- _Brief_
All of the records must be repeated exactly as they read.

Data excerpts:
------------------------------------
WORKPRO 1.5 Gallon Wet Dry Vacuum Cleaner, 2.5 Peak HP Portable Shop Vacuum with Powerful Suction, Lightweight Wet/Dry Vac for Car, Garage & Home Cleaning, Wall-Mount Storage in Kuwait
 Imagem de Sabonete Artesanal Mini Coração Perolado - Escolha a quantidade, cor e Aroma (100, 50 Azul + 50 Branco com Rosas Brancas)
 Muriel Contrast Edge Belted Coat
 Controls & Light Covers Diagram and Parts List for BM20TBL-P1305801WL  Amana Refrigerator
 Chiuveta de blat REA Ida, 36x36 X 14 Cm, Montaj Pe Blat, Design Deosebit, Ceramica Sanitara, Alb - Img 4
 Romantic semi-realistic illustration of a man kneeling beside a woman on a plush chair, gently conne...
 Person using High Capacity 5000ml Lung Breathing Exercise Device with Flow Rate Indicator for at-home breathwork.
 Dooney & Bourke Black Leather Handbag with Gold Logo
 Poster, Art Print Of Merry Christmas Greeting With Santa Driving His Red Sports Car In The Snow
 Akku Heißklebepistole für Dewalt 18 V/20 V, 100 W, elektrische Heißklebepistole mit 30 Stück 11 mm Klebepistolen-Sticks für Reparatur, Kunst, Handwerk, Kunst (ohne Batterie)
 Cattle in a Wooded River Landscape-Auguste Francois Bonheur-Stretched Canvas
------------------------------------
- _Result_
WORKPRO 1.5 Gallon Wet Dry Vacuum Cleaner, 2.5 Peak HP Portable Shop Vacuum with Powerful Suction, Lightweight Wet/Dry Vac for Car, Garage & Home Cleaning, Wall-Mount Storage in Kuwait
 Imagem de Sabonete Artesanal Mini Coração Perolado - Escolha a quantidade, cor e Aroma (100, 50 Azul + 50 Branco com Rosas Brancas)
 Muriel Contrast Edge Belted Coat
 Controls & Light Covers Diagram and Parts List for BM20TBL-P1305801WL  Amana Refrigerator
 Chiuveta de blat REA Ida, 36x36 X 14 Cm, Montaj Pe Blat, Design Deosebit, Ceramica Sanitara, Alb - Img 4
 Romantic semi-realistic illustration of a man kneeling beside a woman on a plush chair, gently conne...
 Person using High Capacity 5000ml Lung Breathing Exercise Device with Flow Rate Indicator for at-home breathwork.
 Dooney & Bourke Black Leather Handbag with Gold Logo
 Poster, Art Print Of Merry Christmas Greeting With Santa Driving His Red Sports Car In The Snow
 Akku Heißklebepistole für Dewalt 18 V/20 V, 100 W, elektrische Heißklebepistole mit 30 Stück 11 mm Klebepistolen-Sticks für Reparatur, Kunst, Handwerk, Kunst (ohne Batterie)
 Cattle in a Wooded River Landscape-Auguste Francois Bonheur-Stretched Canvas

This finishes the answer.